Clayton Richard worked a scoreless first. Harang gave up singles to Cabrera and Venable in the second, but no runs. Ramirez led off the second with a single, Andre Ethier matched him to put two runners on, and Luis Cruz drove him in with a single of his own. AJ Ellis then flied out to bring Harang to the plate; he bunted, but the Padres turned two, ending the inning. The Dodgers picked up another run in the third, however, once again stringing together three singles (by Mark Ellis, Shane Victorino, and Adrian Gonzalez this time). Matt Kemp hit into an out at home, but Victorino extended the rundown long enough to let the trail runners take second and third. An intentional walk to Ramirez loaded the bases, and Ethier and Cruz both made outs to leave the tying run at third.

Cameron Maybin led off the top of the fourth with a single; neither team put a runner on for the rest of the inning. In the fifth, Grandal walked and Yonder Alonso singled with two outs, but Harang left them on. The bottom of the inning was a near carbon copy of the last two Dodger rallies, with singles by Victorino and Gonzalez, a runner-advancing forceout from Kemp, and a single by Ramirez bringing in a run to tie the game. Ethier popped out, and Nick Vincent replaced Richard on the mound and retired Cruz to end the inning.

Shawn Tolleson worked a perfect sixth for LA, and Vincent matched him in the bottom of the inning. Tolleson walked Venable to start the seventh; Venable then stole second, took third on Headley's single, and scored on Carlos Quentin's sac fly. Grandal hit into a double play to end the inning, but the Padres had recaptured the lead.

In the bottom of the seventh, Brad Boxberger walked Gonzalez with one out. Kemp followed with a long fly to straightaway center, which Cameron Maybin caught with a leap to a wall-plus height, preserving the lead. Joe Thatcher and Dale Thayer combined on a perfect eighth for the Pads. In the ninth, Cabrera and Venable combined for two walks and three steals, putting themselves at second and third, but their teammates couldn't muster a hit to bring them home. Luke Gregerson hit Victorino with a two-out pitch, spurring his manager to put Tommy Layne on the mound to retire Gonzalez and end the game.

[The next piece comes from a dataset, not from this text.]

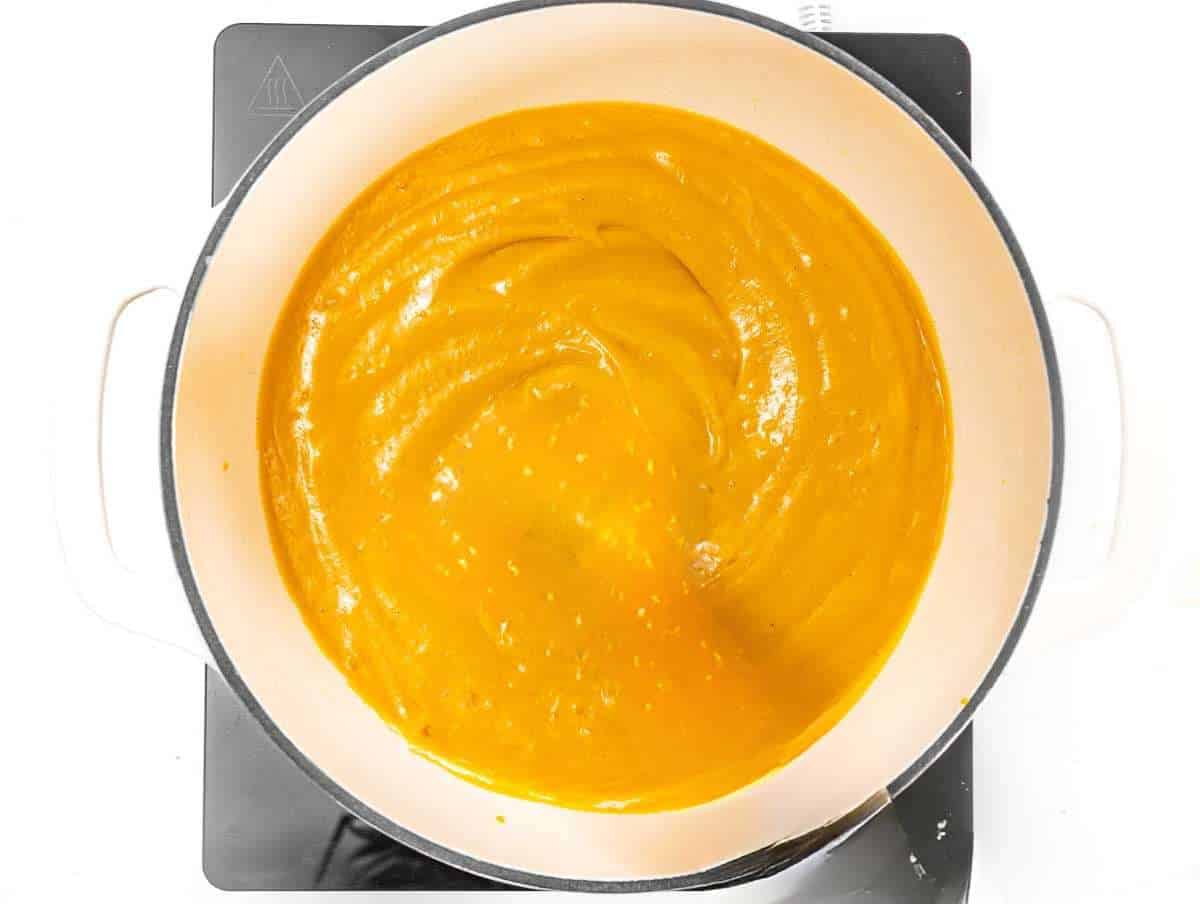 Step 3 Creamy Mediterranean pumpkin soup simmering gently in a large pot.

This is one of the least-exciting GotD's of the year. I'm pretty sure that qualifies as praising with faint damnation, because this is in no way a bad game; it's just not especially spectacular.
   26. Eric J can SABER all he wants to Posted: September 06, 2012 at 08:30 PM (#4228790)
Game of the day (last year): Blue Jays 1, Red Sox 0 (11). Writing up an extra-inning shutout is always an extra challenge, because I've effectively already told you not just how much scoring occurs, but also exactly when it occurs. That makes it the true test of whether it's not actually the destination, but the journey.

The Jays put runners on the corners against Josh Beckett in the bottom of the first on a Mike McCoy single, a two-out walk by Adam Lind, and a steal of third by McCoy, but Beckett fanned Edwin Encarnacion to end the inning. They put another runner on third in the second on a hit, forceout, steal, and groundout; this time, it was DeWayne Wise who whiffed. Boston's first baserunners against Henderson Alvarez reached in the third, as Marco Scutaro singled and Jacoby Ellsbury doubled with two outs before Dustin Pedroia grounded out to leave them on. The Sox picked up two more baserunners in the fourth on a single by David Ortiz and a walk to Carl Crawford, but Josh Reddick struck out looking to end the frame.

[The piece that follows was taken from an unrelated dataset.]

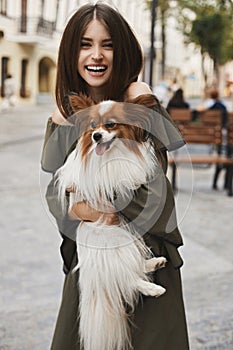 Beautiful and cheerful brunette model girl with shiny smile, in short dress with a small cute papillon dog on her hands posing out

In the bottom of the fourth, Encarnacion singled with one out and stole second with two. Around that time, Beckett's ankle tightened up, and he was pulled from the game in favor of Alfredo Aceves. Encarnacion promptly stole third, and Brett Lawrie walked, but Jose Molina flied out to keep the game scoreless.

Scutaro doubled with one out in the fifth. Up next was Ellsbury, who grounded sharply back to the mound; Alvarez snared it and caught Scutaro leaning off of second. A routine rundown became quite a bit more exciting when Ellsbury broke for second, but Lawrie managed to complete the tag on Scutaro and threw to second just in time to nab Ellsbury as well. The game's next baserunner didn't reach until Lind singled in the bottom of the sixth, and the Sox removed him on a much more conventional double play.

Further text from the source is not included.